Your answer should be every line from the records that contains "Denim".

▬▬▬▬▬▬▬▬▬▬

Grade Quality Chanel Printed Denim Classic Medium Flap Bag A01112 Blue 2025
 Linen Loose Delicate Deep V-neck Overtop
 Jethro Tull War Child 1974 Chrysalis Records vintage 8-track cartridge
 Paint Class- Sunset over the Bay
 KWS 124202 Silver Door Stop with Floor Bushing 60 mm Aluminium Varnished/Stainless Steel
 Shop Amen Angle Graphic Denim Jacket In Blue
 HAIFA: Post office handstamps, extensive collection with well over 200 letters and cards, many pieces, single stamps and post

▬▬▬▬▬▬▬▬▬▬

* **Problem solution**:
Grade Quality Chanel Printed Denim Classic Medium Flap Bag A01112 Blue 2025
 Shop Amen Angle Graphic Denim Jacket In Blue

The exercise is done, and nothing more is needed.